Among the records below, find each line that includes the string "with" and copy it.
===== Provided records =====
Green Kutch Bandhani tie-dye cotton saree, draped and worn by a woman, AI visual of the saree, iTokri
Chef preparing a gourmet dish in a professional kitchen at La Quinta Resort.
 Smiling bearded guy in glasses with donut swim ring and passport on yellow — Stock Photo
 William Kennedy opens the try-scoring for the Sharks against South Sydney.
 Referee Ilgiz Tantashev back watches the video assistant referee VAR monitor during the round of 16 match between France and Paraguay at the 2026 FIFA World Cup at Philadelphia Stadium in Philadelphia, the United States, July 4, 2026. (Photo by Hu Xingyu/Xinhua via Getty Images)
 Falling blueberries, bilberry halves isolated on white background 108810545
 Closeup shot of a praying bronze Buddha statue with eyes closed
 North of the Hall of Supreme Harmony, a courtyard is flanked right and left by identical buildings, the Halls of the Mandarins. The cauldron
=====
Solution to the problem:
 Smiling bearded guy in glasses with donut swim ring and passport on yellow — Stock Photo
 Closeup shot of a praying bronze Buddha statue with eyes closed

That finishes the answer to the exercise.